Records provided below:
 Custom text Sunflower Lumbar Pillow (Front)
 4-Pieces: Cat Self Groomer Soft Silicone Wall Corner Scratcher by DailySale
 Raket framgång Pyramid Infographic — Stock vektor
End of Records provided.
Records provided below:
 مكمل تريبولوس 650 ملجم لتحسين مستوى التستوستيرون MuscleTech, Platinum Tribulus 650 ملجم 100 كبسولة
End of Records provided.
:: Your task ::
Among the entries above, the lines between the ones containing "Custom text Sunflower Lumbar Pillow (Front)" and "Raket framgång Pyramid", inclusive, are to be transcribed exactly. No other line is to be given.

:: Answer to this problem ::
 Custom text Sunflower Lumbar Pillow (Front)
 4-Pieces: Cat Self Groomer Soft Silicone Wall Corner Scratcher by DailySale
 Raket framgång Pyramid Infographic — Stock vektor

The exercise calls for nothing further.